Mom and social media reform advocate Kristin Bride: “Parents have had enough. Enough of the broken promises, enough of the hearings, enough of unaccountable social media companies who are running an experiment on our children. It’s time for action. It’s time for Congress to stand up to these tech giants and demand that they finally start putting people over profits.”

Facebook whistleblower Frances Haugen: “The tech CEOs who testified today purport to take user safety seriously, but behind the scenes they’re actively deploying an army of lobbyists to kill any bill that would mandate stronger tools and safety measures to protect young users. These companies are desperate to keep children engaged and addicted so they can increase revenue at the expense of our youth’s mental health and well-being. Congress must not be fooled. We need responsible safeguards now.”

Former House Majority Leader Dick Gephardt (D-MO): “The social media companies know what they’re doing, and they have blood on their hands. How many more parents will have to bury their children before Congress acts?

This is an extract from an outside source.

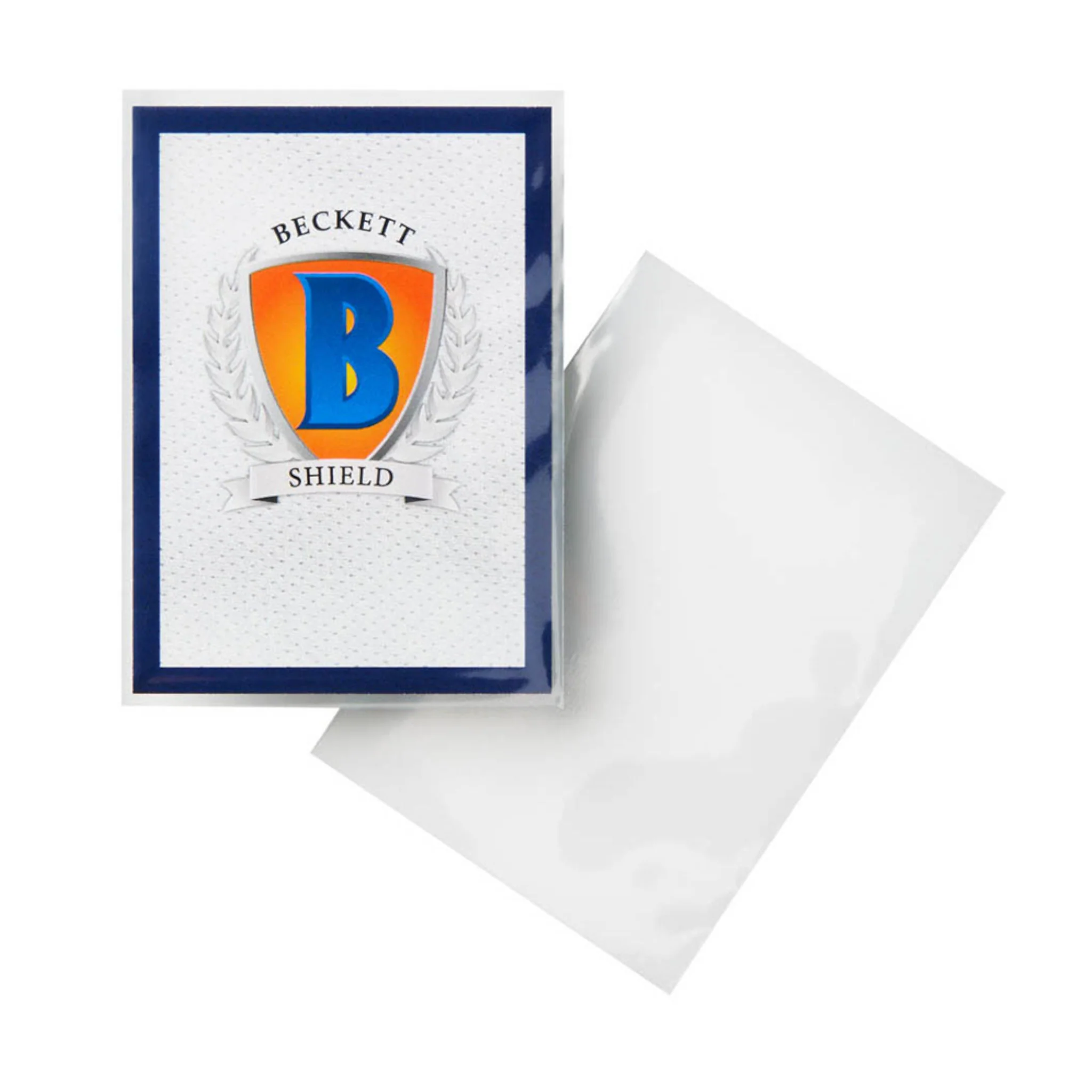 CARD SLEEVES BECKETT STANDARD (100 SLEEVES) - DRAGON SHIELD - Image 2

How many more hearings will they schedule before members can vote on bipartisan legislation, like the Kids Online Safety Act, supported by an overwhelming majority of the public? We can’t wait any longer. Congress: It’s time to hold the platforms accountable.”

Preceding today’s hearing, new research from Issue One underscores how the top social media platforms — Meta, ByteDance, X, Snap, and Discord — have ramped up their lobbying efforts as federal lawmakers take aim at their products which prioritize profits before kids’ online safety. According to our findings, these social media giants combined to spend a staggering $30 million on lobbying in 2023 — an increase of 12% from what these five companies collectively spent on lobbying in 2022.